Re: [EXTERNAL] Re: Does anybody crawl to a database and then index from the database to Solr?

Erick Erickson Mon, 16 May 2016 08:27:41 -0700

bq: ...my primary customer for the deleted docs functionality wants to
see it immediately...


I don't quite know how docs get deleted, but presumably you have a
uniquekey.

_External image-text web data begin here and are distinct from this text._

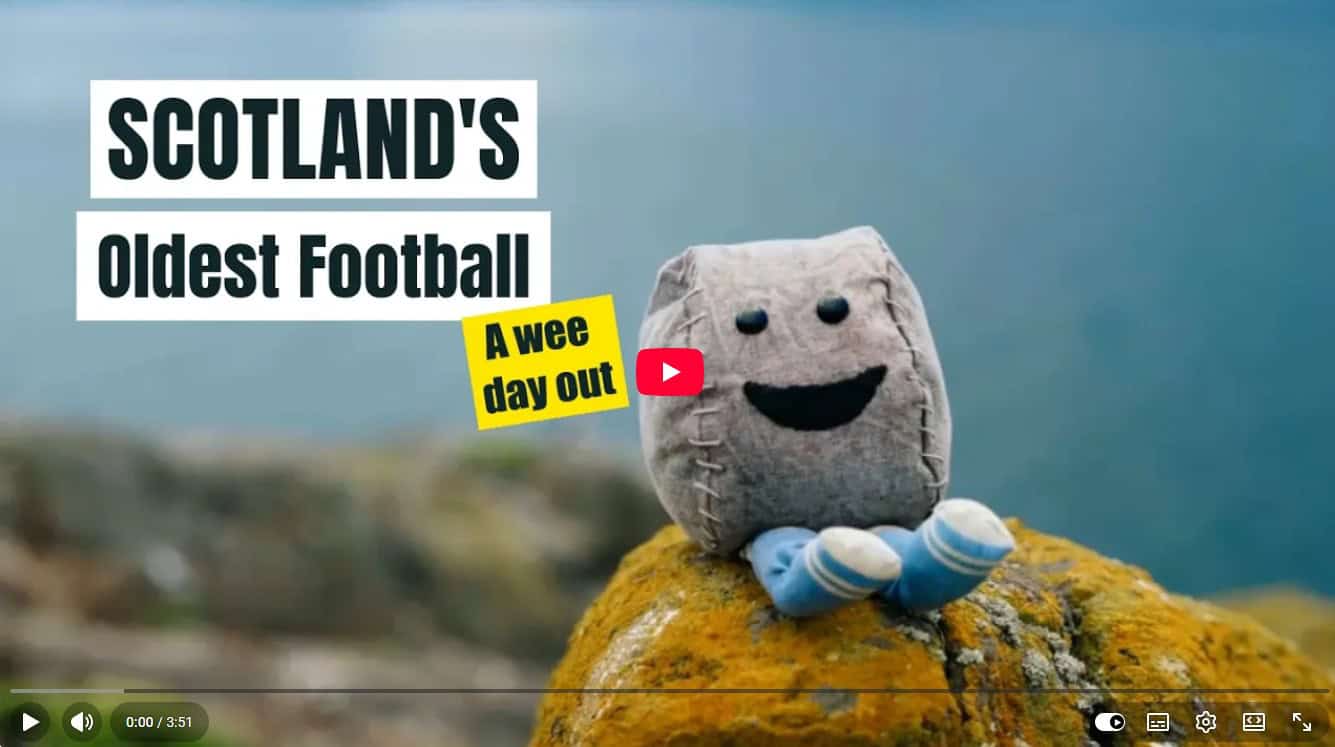 Ein lächelndes, plüschiges Fußballmaskottchen sitzt auf einem Felsen vor einem verschwommenen Hintergrund mit Wasser und Natur.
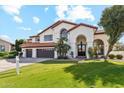Two-story home showcasing a tile roof, three-car garage, arched entryway, and verdant lawn with a real estate sign at 9159 N 108Th Pl, Scottsdale, AZ 85259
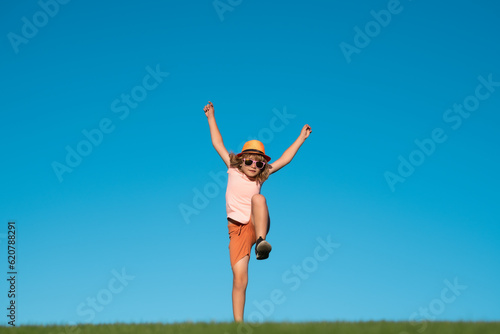 Kid boy running on green grass near blue sky in spring park. Child running outdoor. Healthy sport activity for children. Little boy at athletics competition race. Runner kids exercising.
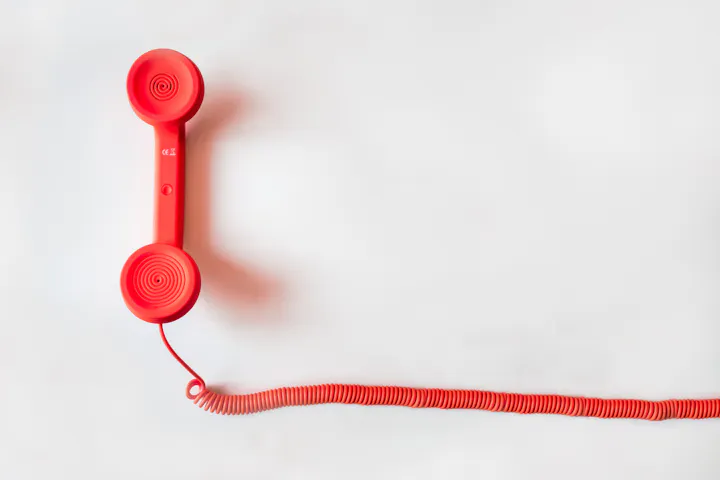A bright red vintage-style telephone handset with a coiled cord on a plain background.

The
fastest would be to have a delete trigger on your database table that
puts that uniqueKey
and timestamp in a "delete_docs" table.

Now your program wakes up periodically and issues a SQL query to the
deleted_docs table
like "select unkqueKey, timestamp from deleted_docs where timestamp >
last_time_I_ran" and uses the
Solr delete by id to remove them from the table.

Once you're sure the docs are gone, clean up the deleted_docs table or
put the last timestamp
you got from the query somewhere to use next time around or.....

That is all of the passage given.